Sarah McLachlan isn’t up for remounting her ground-breaking 1990s all-female music festival but told the sold-out audience at Toronto’s Roy Thomson Hall yesterday for the world premiere of the documentary Lilith Fair: Building A Mystery that she would happily be on the bill if someone else took up the mantle.
During the post-screening Q&A, in which the multi-platinum singer-songwriter was joined by director Ally Pankiw, co-producer Dan Levy and executive producer Cassidy Hartmann, Toronto International Film Festival (TIFF) CEO Cameron Bailey asked her, “If Lilith were to exist today, what do you think it would look and feel like?”
“That’s a really hard question to answer. And I do get that almost every day, including, ‘Can you please bring this back?’ When I sat there and watched this film on the big screen, I want to bring it back,” McLachlan said.

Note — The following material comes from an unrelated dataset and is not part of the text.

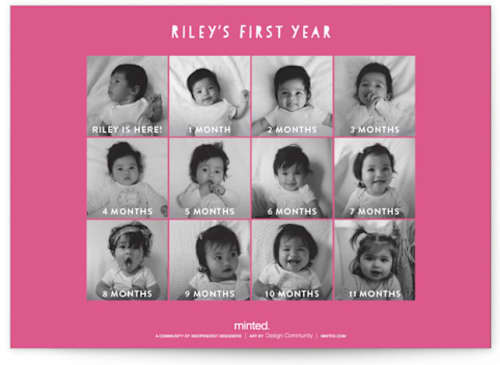 This is a petal kids birthday invitations with standard by Little Print Design called little sunshine printing on signature in standard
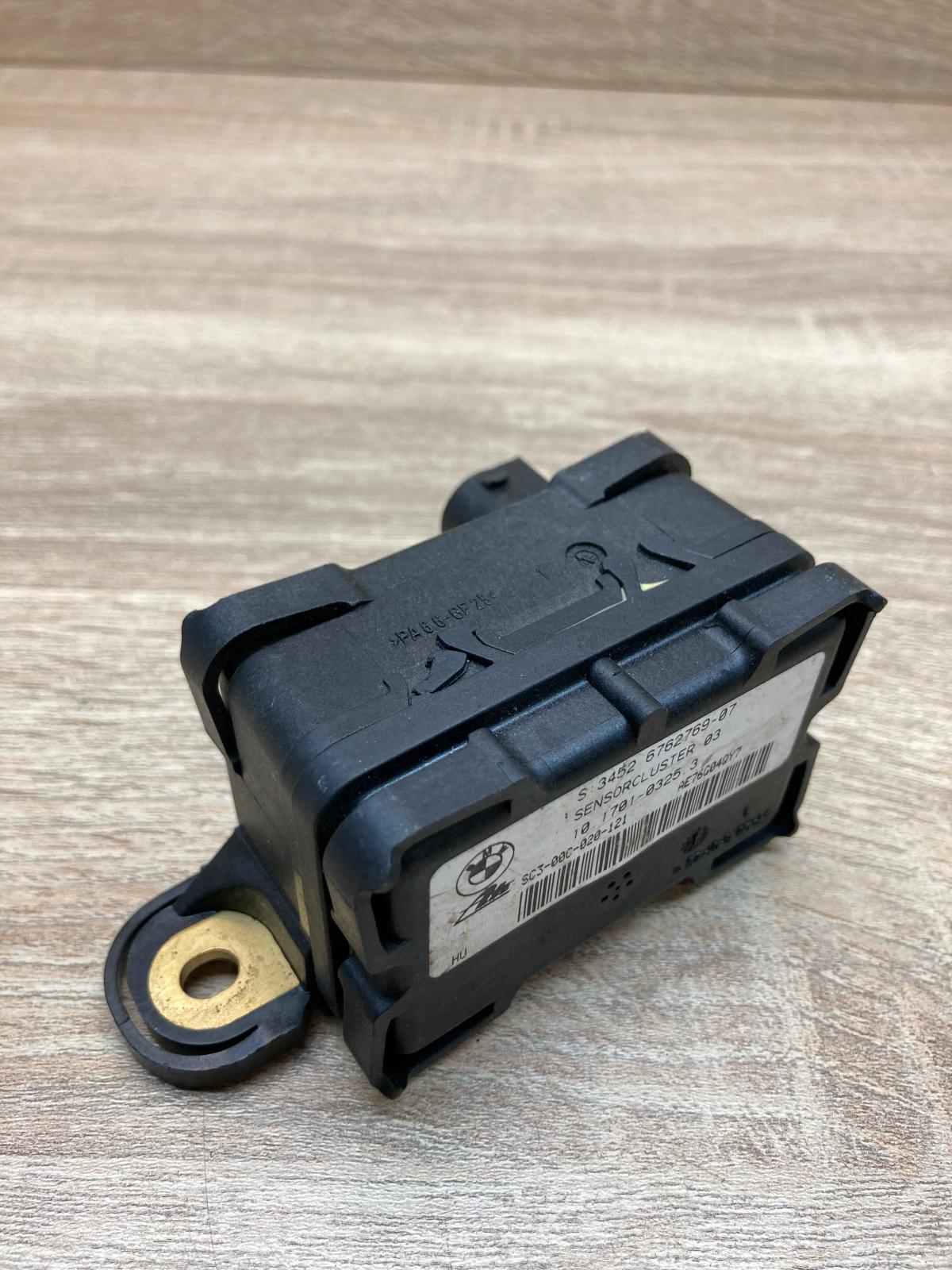 6762769 6762769 07  ESP acceleration yaw rate sensor BMW 1 E81 E87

While her comment was met with prolonged claps and cheers, from the audience that included original Lilith Fair performers Joan Osbourne, Paula Cole, and writer Jessica Hopper, whose 2019 Vanity Fair article, with Sasha Geffen and Jenn Pelly, Building A Mystery: An Oral History of Lilith Fair, inspired the film, McLachlan added that in today’s climate, “I do think it needs a reinvention of sorts, but if something like this were to exist, it would need to be championed by a young artist, someone of today, like an Olivia Rodrigo.”

“That being said,” McLachlan continued, “artists are doing their own versions of Lilith. Taylor Swift has women open up for her consistently. Brandi Carlile is a massive champion of women. This is happening. The reverberations are continuing on. Do we need more of this? Do we need more women supporting women? Do we need the general idea of ‘we all need each other, and we should be lifting each other up instead of tearing each other down?’ Yeah, we need more of that,” she continued, as the claps got louder.
Rodrigo, 22, appears in the film, as well as Brandi Carlil, 44, who attended Lilith Fair as a kid and was profoundly inspired by what she experienced. Original Lilith Fair performers Bonnie Raitt, Sheryl Crow, Erykah Badu, Paula Cole, Jewel, Mýa, Natalie Merchant, Indigo Girls and Emmylou Harris are also interviewed in the doc, sharing their memories of the bonding and support they felt at the festival. It is intermixed with never-before-seen archival footage from the tours and shows how everyone involved pushed that boulder up the hill to make it happen. Incredulously, it’s revealed in the doc that they couldn’t get a water sponsorship because the corporation was focused on the male demographic
“I’m 57. I’m tired,” McLachlan continued, laughing. “And I don’t know if I’d have the bandwidth to do something like that again. It was all-encompassing. It was three years of Lilith, and I was young, and I was so exhausted at the end of it. It took over every piece of my life, and I’m so glad it did, but I’m not sure I could do that again. I’d love to be part of it. If someone else wants to take it forward.”
McLachlan — whose 10th studio album, Better Broken, her first in a decade, drops Sept. 19 — created Lilith Fair in the late ‘90s after the enormous success of 1993’s Fumbling Towards Ecstasy.
The male-dominated industry and media frequently pitted women artists against each other, made vulgar comments about their appearance, and believed the public would not support a bill featuring more than one female act. Radio programmers would not play two female artists back to back, believing listeners would change the channel. With support from her then managers and agent — Terry McBride, Dan Fraser and Marty Diamond, all interviewed in the doc — she proved them wrong. Lilith Fair made millions of dollars during its run from 1997 to 1999, and its return in 2010.
“I’ve been doing a lot of unlearning in my adult life and in my adult career of trying to undo what we were taught to think of ourselves as young women and as gay people in the 90s. That really stays with you and haunts you. You have to do a lot of active work to undo that learning. This [film] felt like a really cool opportunity to continue that work and look at that time period.” Pankiw said.
“It’s unfortunately a very timely doc because we’re in a moment of contraction in pop culture. We’re losing financing and funding all over the place to uplift diverse voices and women’s voices and stories. It felt like a way to potentially do something in a moment in our industry that we can feel a little bit proud of.”
At the end of the Q&A, Levy said he feels the documentary can inspire not just the next generation of young artists, but anyone wanting to break down barriers or try something that has not been done.
“There’s a big conversation about ‘just give people what they want,’ but the truth is people don’t know what they want. You have to give them something new and allow them to build the bridge between what they don’t know and what they want.
“I feel like what Lilith did, and what I hope people take away from this documentary, is this idea that if you’re being told no, but you feel something in your gut that is not right, you want to override the system, try it, because look what could happen.”
Lilith Fair: Building A Mystery can be seen in Canada starting Sept. 17, on CBC and CBC Gem, and Sept. 21 in the U.S. on Hulu and Disney+, and internationally on Disney+.